[AVAILABLE DATA]:
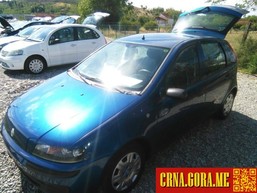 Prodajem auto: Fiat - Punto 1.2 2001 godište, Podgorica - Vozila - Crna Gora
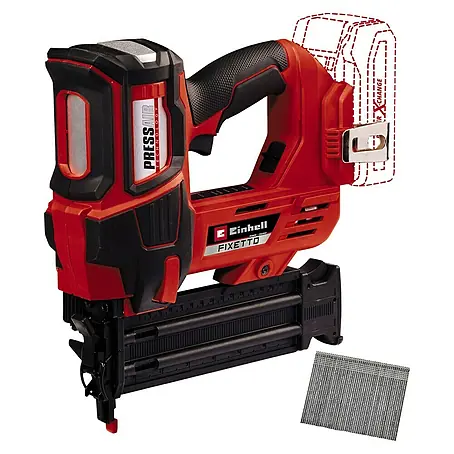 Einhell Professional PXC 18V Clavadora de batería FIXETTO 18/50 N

...

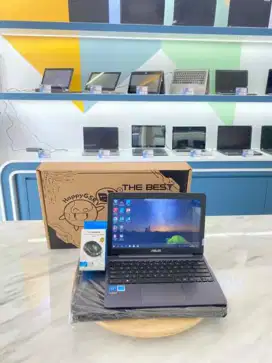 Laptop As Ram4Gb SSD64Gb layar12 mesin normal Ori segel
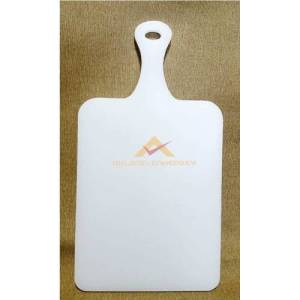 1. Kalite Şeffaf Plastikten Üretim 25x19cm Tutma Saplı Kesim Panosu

* * *

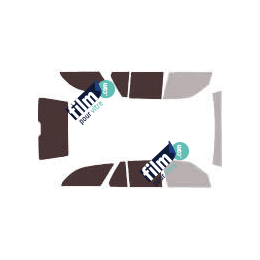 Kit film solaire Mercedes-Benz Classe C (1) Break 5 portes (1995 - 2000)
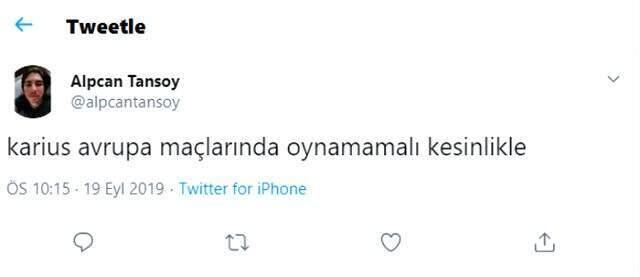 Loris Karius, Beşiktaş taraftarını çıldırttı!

[WHAT IS NEEDED]: Find where the line with "Prodajem auto: Fiat" sits in the material above and where the line with "Einhell Professional PXC" sits. Set down exactly the lines from the first to the second, both included and nothing else, without pictures.

[ANSWER SPACE]:
 Prodajem auto: Fiat - Punto 1.2 2001 godište, Podgorica - Vozila - Crna Gora
 Einhell Professional PXC 18V Clavadora de batería FIXETTO 18/50 N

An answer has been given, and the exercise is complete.